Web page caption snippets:
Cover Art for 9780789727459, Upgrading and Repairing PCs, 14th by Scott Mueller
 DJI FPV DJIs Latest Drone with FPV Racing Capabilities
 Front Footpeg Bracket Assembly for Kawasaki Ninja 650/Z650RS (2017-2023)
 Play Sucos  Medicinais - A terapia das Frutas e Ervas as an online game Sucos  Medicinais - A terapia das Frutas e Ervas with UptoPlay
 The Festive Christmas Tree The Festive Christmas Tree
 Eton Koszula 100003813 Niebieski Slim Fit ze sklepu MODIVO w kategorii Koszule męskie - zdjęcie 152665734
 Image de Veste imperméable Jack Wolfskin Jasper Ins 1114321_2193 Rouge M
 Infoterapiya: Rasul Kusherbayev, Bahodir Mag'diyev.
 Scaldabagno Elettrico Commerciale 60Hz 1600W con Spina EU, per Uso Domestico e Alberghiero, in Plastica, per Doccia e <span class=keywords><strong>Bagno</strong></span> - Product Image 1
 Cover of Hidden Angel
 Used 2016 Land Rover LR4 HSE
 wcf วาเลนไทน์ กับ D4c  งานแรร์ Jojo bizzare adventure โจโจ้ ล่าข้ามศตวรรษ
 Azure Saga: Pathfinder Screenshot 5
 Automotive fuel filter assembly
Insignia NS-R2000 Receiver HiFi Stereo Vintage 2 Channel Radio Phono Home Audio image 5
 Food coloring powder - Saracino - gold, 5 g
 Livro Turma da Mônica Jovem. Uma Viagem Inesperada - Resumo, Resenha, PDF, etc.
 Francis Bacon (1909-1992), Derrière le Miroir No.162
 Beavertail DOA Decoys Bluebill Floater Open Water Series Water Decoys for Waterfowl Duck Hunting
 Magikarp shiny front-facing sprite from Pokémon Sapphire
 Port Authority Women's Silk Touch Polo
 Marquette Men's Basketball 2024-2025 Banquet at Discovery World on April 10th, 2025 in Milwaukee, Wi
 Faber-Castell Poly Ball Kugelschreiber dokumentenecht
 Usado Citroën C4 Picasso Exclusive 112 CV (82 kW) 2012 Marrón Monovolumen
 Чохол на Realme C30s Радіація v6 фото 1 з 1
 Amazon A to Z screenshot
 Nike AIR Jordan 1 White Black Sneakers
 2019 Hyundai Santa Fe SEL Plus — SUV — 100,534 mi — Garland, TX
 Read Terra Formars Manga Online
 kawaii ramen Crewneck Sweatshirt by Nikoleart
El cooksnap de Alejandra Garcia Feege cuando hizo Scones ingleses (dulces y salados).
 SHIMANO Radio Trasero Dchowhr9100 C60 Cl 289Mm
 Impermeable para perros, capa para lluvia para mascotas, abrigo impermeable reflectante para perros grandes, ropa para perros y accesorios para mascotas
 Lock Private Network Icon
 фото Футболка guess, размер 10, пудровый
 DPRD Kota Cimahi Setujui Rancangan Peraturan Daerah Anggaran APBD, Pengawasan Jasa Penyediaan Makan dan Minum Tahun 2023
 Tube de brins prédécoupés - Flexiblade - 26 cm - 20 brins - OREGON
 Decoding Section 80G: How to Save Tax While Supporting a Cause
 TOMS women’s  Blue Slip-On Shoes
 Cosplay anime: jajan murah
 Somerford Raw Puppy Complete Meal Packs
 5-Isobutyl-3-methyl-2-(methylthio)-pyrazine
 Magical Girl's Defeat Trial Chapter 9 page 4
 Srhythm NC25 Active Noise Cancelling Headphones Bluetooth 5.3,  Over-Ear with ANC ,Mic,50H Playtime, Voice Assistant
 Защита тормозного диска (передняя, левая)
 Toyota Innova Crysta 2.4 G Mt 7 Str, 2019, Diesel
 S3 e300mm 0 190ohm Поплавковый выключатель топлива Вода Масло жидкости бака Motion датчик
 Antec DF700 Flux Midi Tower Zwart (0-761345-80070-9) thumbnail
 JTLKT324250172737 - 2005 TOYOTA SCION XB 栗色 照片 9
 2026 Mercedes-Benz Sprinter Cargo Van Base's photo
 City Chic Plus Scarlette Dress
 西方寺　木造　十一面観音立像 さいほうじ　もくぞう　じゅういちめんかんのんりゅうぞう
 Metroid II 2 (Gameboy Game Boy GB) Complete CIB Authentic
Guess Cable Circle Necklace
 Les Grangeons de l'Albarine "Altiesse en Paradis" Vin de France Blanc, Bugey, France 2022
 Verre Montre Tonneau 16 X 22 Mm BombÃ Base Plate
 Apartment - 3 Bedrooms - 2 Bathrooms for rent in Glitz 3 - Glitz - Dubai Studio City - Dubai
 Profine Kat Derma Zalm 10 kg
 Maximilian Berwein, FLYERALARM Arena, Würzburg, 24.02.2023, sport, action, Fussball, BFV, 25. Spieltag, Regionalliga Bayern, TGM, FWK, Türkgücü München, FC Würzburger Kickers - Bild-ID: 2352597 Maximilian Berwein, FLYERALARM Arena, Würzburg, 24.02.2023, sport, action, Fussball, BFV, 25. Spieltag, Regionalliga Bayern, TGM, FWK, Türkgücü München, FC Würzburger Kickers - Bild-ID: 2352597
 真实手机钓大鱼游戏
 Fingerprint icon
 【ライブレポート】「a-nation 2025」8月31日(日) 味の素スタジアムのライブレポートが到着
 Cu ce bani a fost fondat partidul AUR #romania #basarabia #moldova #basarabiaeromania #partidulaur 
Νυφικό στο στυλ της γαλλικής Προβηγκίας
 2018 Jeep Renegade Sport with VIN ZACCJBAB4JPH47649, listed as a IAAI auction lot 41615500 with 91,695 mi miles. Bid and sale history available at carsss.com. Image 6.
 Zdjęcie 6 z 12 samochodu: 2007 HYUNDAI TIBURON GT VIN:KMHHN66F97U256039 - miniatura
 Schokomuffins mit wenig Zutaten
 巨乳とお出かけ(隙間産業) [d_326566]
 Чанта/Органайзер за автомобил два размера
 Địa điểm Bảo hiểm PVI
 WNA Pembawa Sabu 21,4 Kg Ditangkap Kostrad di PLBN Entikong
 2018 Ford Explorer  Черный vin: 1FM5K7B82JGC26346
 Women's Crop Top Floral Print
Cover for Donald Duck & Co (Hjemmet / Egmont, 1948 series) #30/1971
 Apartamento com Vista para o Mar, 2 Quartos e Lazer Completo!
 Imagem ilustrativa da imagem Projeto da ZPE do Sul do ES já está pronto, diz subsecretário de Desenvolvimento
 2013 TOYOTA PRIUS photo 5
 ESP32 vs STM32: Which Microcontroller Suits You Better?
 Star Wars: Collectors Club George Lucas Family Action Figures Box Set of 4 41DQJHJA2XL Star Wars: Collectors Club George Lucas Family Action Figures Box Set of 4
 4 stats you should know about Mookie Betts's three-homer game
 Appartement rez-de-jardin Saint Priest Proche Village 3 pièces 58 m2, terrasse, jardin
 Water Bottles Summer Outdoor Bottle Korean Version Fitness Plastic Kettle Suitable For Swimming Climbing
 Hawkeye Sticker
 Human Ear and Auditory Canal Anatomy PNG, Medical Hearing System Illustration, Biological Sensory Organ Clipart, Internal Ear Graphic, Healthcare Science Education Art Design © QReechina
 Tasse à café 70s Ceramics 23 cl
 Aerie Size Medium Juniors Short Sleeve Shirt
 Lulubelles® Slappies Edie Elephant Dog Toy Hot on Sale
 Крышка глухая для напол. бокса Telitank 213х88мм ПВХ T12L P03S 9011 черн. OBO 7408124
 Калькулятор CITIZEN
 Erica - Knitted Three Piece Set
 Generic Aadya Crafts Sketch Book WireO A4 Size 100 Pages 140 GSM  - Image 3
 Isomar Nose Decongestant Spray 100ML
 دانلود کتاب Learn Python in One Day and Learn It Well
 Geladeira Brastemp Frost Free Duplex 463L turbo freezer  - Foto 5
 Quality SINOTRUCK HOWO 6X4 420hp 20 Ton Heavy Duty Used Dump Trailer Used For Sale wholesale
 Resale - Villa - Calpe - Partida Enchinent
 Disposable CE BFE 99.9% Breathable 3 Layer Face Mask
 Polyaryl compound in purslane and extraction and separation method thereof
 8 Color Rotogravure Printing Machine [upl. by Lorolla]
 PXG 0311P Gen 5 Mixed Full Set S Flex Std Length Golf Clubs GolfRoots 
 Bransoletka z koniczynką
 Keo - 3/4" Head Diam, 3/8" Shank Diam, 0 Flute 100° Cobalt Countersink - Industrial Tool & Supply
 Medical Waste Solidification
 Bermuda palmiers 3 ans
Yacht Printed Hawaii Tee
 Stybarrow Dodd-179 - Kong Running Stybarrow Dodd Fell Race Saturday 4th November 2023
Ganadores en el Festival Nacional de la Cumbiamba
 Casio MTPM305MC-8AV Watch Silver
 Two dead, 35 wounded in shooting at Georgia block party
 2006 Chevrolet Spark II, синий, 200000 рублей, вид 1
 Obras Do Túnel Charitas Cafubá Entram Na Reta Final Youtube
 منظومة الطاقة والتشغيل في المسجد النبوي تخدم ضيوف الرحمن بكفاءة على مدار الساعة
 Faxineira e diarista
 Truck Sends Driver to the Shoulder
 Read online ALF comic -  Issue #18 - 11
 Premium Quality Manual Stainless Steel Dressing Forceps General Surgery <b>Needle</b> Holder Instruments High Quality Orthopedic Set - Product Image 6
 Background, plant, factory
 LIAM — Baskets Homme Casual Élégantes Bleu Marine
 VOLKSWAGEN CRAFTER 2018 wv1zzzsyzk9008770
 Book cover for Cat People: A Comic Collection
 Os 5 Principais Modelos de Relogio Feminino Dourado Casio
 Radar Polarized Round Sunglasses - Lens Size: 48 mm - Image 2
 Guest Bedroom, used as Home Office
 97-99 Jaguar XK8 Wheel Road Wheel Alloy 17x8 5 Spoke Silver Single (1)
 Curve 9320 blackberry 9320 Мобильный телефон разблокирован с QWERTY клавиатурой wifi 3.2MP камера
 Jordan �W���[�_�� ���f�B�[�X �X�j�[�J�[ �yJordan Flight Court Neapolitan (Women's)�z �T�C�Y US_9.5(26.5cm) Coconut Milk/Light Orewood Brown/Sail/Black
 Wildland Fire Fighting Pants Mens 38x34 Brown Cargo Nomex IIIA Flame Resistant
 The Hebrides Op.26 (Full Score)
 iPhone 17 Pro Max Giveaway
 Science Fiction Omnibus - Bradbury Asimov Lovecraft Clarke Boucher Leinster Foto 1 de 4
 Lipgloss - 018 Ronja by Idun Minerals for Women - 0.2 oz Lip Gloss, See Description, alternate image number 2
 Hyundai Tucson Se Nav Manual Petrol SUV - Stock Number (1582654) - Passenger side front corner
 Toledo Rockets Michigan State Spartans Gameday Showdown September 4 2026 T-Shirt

_Assignment:_ What you give back should be only the lines of the records above, starting at the line with "4 stats you" and ending at the line with "Isomar Nose Decongestant Spray 100ML", restated word for word.

_Response to the task:_
 4 stats you should know about Mookie Betts's three-homer game
 Appartement rez-de-jardin Saint Priest Proche Village 3 pièces 58 m2, terrasse, jardin
 Water Bottles Summer Outdoor Bottle Korean Version Fitness Plastic Kettle Suitable For Swimming Climbing
 Hawkeye Sticker
 Human Ear and Auditory Canal Anatomy PNG, Medical Hearing System Illustration, Biological Sensory Organ Clipart, Internal Ear Graphic, Healthcare Science Education Art Design © QReechina
 Tasse à café 70s Ceramics 23 cl
 Aerie Size Medium Juniors Short Sleeve Shirt
 Lulubelles® Slappies Edie Elephant Dog Toy Hot on Sale
 Крышка глухая для напол. бокса Telitank 213х88мм ПВХ T12L P03S 9011 черн. OBO 7408124
 Калькулятор CITIZEN
 Erica - Knitted Three Piece Set
 Generic Aadya Crafts Sketch Book WireO A4 Size 100 Pages 140 GSM  - Image 3
 Isomar Nose Decongestant Spray 100ML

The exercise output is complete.